Assim, os bancos também pararam de emprestar dinheiro a empresas, que por sua vez já não achavam mais compradores para seus produtos.

No final, restou aos governos intervir, endividando-se para salvar todo mundo. Hoje, os governos centrais devem conjuntamente US$ 69,2 trilhões, o equivalente a 88,3% do PIB global, um recorde.

Normalmente, o setor financeiro é lento em assumir grandes riscos. A crise do "subprime" levou vários anos para se formar; e seu colapso posterior tornou os bancos ainda mais conservadores pela força de novas regulações e traumas adquiridos no período.

O risco hoje seriam as dívidas recordes das empresas não financeiras –US$ 13,5 trilhões, um terço disso vencendo em três anos– contaminarem o sistema bancário. Mas o exemplo dos empréstimos "subprime" não vale aqui.

Os débitos corporativos são assumidos pelas empresas mediante a emissão, no mercado de "corporate bonds", de papéis por elas remunerados a juro e com prazo de vencimento. Em muitos casos, seus ativos servem de garantia.

O atual recorde em valor na emissão desses papéis decorre da farta oferta de dinheiro barato no mundo, que aumentou o apetite de investidores por esse tipo de instrumento.

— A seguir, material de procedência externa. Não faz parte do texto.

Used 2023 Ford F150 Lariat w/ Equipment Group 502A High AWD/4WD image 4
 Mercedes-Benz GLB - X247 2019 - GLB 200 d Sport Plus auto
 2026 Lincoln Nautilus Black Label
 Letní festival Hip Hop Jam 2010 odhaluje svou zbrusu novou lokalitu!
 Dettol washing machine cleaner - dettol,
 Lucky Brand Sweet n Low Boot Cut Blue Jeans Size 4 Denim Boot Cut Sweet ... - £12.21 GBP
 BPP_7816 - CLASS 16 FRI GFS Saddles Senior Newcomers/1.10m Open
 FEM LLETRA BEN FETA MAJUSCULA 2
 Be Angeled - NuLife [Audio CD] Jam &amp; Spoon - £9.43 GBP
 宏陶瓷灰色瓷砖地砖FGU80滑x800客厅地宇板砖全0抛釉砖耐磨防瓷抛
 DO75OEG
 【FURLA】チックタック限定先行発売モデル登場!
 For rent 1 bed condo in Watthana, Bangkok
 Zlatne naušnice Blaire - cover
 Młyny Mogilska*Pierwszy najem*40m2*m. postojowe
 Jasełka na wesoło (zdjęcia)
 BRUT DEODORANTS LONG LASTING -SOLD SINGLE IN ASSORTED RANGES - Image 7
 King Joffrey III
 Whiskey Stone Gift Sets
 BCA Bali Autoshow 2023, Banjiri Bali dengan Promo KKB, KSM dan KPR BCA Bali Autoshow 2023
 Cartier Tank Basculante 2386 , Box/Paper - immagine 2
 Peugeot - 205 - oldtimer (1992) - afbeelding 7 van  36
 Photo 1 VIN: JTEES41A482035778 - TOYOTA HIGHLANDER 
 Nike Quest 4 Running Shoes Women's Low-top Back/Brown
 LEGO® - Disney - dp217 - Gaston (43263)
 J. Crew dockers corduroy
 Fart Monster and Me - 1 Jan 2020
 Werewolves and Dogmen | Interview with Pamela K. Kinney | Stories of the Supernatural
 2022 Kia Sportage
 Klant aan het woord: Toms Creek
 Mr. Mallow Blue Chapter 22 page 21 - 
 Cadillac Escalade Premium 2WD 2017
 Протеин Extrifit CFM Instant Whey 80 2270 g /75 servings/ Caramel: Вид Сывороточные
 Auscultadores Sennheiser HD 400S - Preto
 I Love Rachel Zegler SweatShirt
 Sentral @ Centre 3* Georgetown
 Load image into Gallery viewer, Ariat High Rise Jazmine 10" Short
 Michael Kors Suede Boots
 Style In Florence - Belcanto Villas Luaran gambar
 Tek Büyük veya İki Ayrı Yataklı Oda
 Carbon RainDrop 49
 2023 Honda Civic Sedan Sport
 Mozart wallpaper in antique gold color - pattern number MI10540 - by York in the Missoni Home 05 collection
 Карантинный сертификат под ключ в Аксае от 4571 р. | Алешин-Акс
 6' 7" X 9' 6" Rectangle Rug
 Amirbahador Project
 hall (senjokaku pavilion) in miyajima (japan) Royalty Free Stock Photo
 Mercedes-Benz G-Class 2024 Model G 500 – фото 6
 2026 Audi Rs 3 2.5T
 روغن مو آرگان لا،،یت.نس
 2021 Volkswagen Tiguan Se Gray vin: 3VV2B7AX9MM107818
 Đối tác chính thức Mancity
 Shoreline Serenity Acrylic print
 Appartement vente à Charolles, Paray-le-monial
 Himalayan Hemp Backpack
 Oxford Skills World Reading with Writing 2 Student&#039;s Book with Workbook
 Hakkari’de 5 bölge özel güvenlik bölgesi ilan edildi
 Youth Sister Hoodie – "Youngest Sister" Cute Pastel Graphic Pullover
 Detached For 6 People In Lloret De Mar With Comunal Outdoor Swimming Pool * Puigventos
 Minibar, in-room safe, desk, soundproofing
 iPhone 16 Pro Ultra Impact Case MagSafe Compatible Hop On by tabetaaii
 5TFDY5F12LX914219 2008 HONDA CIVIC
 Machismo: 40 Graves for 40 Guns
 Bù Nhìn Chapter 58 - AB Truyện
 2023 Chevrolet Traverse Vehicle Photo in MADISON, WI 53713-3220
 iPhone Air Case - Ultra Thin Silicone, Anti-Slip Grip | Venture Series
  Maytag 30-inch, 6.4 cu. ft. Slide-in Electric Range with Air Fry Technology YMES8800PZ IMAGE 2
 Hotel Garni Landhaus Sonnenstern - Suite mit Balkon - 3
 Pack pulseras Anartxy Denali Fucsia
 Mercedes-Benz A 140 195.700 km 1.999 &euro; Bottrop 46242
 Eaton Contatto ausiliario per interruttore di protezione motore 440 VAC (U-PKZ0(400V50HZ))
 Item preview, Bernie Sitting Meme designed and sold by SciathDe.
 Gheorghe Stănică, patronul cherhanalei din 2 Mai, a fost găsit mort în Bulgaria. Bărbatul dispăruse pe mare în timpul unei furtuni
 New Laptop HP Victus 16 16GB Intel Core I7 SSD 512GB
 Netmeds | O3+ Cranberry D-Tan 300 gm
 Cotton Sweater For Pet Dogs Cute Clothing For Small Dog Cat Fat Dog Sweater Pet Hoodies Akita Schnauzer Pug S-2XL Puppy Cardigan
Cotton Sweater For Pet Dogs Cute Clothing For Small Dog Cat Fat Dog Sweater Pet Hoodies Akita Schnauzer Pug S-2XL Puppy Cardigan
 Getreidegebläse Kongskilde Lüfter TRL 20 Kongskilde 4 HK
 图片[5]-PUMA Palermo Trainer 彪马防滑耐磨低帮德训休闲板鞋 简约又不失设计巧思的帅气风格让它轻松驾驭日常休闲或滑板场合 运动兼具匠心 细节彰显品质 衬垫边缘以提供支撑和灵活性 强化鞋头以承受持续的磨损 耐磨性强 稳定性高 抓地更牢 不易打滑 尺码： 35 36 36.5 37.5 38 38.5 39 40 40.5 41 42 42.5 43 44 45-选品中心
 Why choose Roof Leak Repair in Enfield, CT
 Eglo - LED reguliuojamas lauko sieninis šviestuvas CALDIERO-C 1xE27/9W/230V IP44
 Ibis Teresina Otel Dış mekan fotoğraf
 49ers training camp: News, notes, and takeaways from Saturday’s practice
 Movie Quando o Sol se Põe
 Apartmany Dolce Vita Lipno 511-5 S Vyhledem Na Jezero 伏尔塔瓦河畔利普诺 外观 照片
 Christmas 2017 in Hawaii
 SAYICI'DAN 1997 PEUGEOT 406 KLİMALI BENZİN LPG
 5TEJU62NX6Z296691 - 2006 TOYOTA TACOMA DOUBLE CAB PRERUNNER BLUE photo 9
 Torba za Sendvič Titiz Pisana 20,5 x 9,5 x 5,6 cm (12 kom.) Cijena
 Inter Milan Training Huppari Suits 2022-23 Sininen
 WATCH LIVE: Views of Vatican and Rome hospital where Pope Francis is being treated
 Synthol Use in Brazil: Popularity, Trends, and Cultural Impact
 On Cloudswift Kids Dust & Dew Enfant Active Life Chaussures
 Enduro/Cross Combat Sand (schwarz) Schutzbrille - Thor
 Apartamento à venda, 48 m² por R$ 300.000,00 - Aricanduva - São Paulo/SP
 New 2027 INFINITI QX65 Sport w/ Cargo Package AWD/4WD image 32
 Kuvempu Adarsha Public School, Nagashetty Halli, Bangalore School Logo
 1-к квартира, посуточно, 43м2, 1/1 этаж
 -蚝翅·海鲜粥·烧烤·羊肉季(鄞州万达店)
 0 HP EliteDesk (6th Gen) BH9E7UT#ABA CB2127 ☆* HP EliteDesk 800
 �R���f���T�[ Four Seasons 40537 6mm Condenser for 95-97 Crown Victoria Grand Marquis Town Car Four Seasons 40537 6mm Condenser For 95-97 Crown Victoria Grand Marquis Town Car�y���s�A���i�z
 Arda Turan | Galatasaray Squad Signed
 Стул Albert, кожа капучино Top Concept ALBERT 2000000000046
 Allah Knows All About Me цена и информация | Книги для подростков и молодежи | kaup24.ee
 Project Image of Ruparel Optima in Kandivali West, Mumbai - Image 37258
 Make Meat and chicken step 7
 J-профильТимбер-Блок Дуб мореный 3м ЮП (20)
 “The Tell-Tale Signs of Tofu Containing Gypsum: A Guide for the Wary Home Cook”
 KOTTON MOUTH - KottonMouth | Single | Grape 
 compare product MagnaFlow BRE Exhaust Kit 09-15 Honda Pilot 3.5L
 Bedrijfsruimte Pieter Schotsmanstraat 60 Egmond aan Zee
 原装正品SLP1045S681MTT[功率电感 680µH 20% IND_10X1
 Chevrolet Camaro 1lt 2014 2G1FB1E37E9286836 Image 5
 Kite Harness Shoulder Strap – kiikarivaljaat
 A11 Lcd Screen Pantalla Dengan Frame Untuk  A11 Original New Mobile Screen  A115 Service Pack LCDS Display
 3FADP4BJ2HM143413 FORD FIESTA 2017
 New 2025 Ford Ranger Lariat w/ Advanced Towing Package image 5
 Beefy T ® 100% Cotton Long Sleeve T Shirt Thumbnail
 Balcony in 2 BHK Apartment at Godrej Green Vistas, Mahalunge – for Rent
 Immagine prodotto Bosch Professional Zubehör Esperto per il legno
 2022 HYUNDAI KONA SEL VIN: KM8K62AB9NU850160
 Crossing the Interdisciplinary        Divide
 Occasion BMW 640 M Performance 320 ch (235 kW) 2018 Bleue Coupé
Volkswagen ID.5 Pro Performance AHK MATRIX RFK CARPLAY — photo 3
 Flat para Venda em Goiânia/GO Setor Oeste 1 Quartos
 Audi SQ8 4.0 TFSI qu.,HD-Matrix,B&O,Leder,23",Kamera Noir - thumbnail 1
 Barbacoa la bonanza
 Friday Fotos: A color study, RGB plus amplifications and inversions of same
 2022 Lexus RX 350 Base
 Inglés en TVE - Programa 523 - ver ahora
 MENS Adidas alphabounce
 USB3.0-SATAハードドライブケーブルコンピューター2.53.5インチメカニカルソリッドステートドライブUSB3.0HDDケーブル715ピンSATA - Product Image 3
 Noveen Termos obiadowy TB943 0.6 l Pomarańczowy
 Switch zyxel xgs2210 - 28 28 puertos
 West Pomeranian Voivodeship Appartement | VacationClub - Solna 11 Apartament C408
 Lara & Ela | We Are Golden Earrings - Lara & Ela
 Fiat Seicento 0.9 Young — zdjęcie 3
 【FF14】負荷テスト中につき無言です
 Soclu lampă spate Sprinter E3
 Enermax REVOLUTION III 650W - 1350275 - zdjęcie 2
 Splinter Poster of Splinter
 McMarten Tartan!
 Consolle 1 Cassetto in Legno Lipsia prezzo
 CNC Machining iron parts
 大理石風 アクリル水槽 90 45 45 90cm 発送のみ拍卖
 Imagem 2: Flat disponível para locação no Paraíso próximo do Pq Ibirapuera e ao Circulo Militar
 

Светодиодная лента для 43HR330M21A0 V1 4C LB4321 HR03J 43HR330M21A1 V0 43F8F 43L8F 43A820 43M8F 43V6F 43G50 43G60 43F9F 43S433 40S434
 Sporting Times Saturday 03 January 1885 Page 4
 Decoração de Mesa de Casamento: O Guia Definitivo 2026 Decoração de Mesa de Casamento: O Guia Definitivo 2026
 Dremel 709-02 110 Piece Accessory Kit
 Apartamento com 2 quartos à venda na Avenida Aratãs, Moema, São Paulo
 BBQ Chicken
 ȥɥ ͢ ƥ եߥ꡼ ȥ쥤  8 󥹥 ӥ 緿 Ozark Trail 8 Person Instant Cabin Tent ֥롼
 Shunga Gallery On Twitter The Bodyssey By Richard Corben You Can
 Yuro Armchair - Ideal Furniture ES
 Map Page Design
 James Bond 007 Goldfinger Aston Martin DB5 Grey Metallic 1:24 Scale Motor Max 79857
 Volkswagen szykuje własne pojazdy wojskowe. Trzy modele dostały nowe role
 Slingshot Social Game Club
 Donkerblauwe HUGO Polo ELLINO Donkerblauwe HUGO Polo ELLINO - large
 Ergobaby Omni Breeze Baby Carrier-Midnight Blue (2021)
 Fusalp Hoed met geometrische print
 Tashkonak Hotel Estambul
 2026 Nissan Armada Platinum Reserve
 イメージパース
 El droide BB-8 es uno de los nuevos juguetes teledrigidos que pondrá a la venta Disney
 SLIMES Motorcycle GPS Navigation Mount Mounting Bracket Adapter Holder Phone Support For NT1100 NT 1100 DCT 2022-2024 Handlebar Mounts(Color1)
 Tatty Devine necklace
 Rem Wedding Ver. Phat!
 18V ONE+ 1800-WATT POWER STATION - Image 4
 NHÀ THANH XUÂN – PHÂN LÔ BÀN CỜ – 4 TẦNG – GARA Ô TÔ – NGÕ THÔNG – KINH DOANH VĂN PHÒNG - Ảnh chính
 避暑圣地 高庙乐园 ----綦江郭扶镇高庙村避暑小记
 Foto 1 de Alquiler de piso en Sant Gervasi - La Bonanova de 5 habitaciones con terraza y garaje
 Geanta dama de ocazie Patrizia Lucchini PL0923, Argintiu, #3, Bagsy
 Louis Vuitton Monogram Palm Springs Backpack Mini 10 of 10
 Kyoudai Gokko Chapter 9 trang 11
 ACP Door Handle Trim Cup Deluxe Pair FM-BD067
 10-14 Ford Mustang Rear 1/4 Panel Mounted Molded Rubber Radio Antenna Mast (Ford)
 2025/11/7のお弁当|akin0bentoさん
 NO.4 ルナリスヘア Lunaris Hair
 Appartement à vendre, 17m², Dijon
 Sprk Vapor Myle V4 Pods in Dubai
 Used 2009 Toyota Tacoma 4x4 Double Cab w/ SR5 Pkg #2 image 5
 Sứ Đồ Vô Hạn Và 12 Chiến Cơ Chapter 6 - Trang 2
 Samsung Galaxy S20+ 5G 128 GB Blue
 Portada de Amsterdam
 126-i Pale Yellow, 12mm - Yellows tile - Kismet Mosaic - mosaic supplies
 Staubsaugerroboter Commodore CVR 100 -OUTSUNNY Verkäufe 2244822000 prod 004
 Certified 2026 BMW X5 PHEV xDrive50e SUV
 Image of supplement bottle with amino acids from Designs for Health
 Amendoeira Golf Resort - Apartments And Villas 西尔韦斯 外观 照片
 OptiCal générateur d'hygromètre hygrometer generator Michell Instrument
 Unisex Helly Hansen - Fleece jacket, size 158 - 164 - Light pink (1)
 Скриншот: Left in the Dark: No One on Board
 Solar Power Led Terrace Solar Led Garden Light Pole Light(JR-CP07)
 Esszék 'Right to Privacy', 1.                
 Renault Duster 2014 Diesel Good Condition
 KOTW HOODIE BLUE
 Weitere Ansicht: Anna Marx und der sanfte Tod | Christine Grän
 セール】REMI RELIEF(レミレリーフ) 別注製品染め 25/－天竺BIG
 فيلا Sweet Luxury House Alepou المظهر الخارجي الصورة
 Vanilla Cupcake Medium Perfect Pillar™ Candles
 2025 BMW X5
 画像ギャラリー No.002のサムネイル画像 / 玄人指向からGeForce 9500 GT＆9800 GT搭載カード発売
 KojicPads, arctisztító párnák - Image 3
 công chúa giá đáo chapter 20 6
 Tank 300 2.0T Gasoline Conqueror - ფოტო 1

Essas dívidas, portanto, não fazem parte do balanço dos principais bancos globais.

O maior risco para eles se concentra agora na possibilidade de empresas e demais clientes não pagarem outros tipos de empréstimos.

Nesta segunda (9), as ações dos quatro maiores bancos dos EUA –J.P. Morgan Chase, Bank of America, Citibank e Wells Fargo– caíram entre 12% e 16% e o setor perdeu toda a valorização que acumulava desde outubro de 2016.

Ainda assim, como os bancos centrais devem ampliar a liquidez nos mercados, o maior risco de o mundo entrar em recessão restringe-se, por enquanto, mais a um choque de oferta do que de demanda.

O isolamento de regiões inteiras e de milhões de pessoas vem interrompendo a produção e a atividade de inúmeros setores em vários países.

Dependendo do tempo em que essas áreas ficarem paralisadas, pode surgir a necessidade de demissões e de cortes em planos de investimentos novos ou em andamento.

Como o coronavírus vem afetando de maneira paulatina diferentes regiões do mundo, quando a epidemia diminuir na China, poderá estar em alta nos EUA, retardando uma retomada da produção conjunta global em forma de "V" –a mais comum quando a economia se retrai por conta de fatores exógenos e não estruturais, como foi o caso da crise de 2008/2009.

Em 2009, no pior ano da Grande Recessão, a economia global encolheu 0,1% e os países ricos, 2,9%. Nos EUA, a queda foi de 2,5%; mas os emergentes cresceram 2,9%.

Há outras diferenças entre o mundo de então e o de 2020.

Do lado otimista, dados da OCDE (o clube dos países ricos) mostram que a renda média per capita total das famílias é 6% maior hoje do que há dez anos e que o endividamento delas caiu 3%. Houve ainda queda de cinco pontos percentuais no desemprego médio e alta de 7% nos rendimentos do trabalho.

Mas a aguda contração nos preços de ativos como ações, sobretudo nos EUA, já deixou mais pobres as famílias, que tenderão a confiar menos no futuro e a consumir menos.

Como as empresas já estão com problemas para produzir, o risco é a crise estar grande demais quando a epidemia começar a perder força.